What ultimately became a Datura Blouse started as a completely different project. It's a heartbreaking tragedy involving silk and snagging needles. I won't bore you with the details. There was yelling. There were tears. It was awful. But, as things tend to do, it worked out in the end. Following my debacle, I had EXACTLY enough untainted fabric to cut the bottom portion of this blouse. Happenstance.
After some hesitant test stitching on scrap fabric with a new needle, this top came together very easily. I paired the printed charmeuse with a black crepe for the yoke contrast. They're both silk and similar in weight, so they compliment each other well.

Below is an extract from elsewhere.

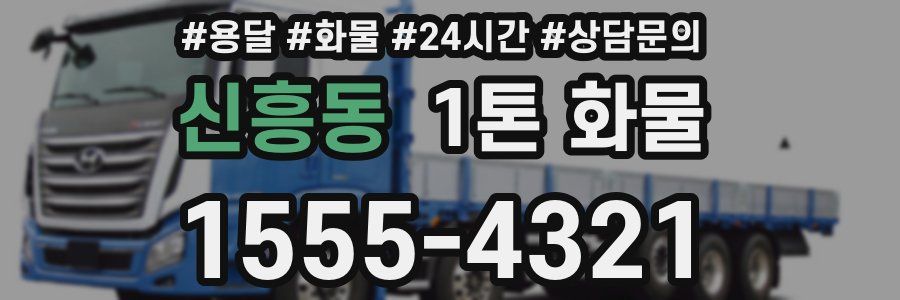 신흥동 1톤 화물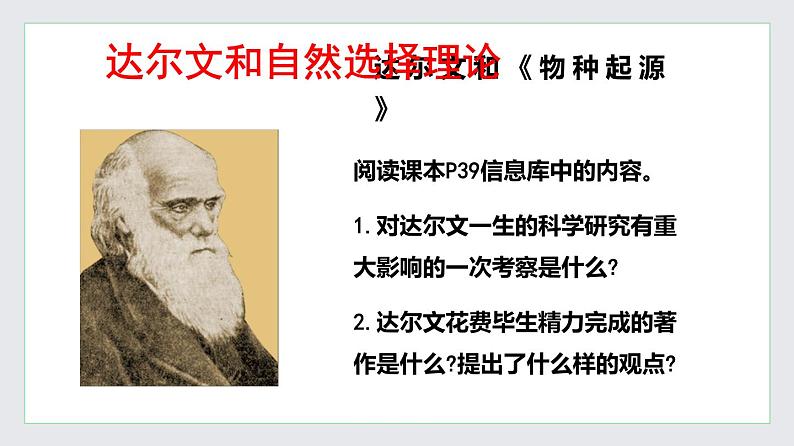 23.3 生物进化的原因（课件）-2020-2021学年八年级下册生物同步精品课堂（苏科版）（共41张PPT）06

I'd read some reviews describing the pattern instructions as unclear and difficult to decipher, but I didn't run into any issues. I did, however, make a couple changes and sewed based primarily on intuition rather than a strict adherence to the directions. So, it's probably best not to use my experience as any indication as to their usability.
Most notably, I chose not to underline the yoke of my blouse. It didn't seem critical to the overall construction or fit of the garment. I also did not use any bias tape to finishes the edges. I replaced both these aspects with a rolled hem at the neckline, armscye, and hemline. Additionally, I used French seams throughout, so I can wear this top confidently without fear of fraying edges.
I already love it to pieces! I left the pattern out on my table so I can get to work making another ASAP. Really, I could use several of these in my closet. The positive ease and flattering curve over the hip makes this a really wearable blouse. In addition to the way I wore it here, I've already worn it tucked into a pencil skirt, and it looked great!
There are some pretty versatile options included with this pattern. I'm interested to see if I can tackle the cut-out neckline. And, I definitely want a PeterPan collared Datura. Ooo, and a lace one. And, I did buy some great silk prints while I was in New York last month that would be amazing tops as well...
I may be getting a little carried away. The gist is, I really love this pattern and the blouse it yielded.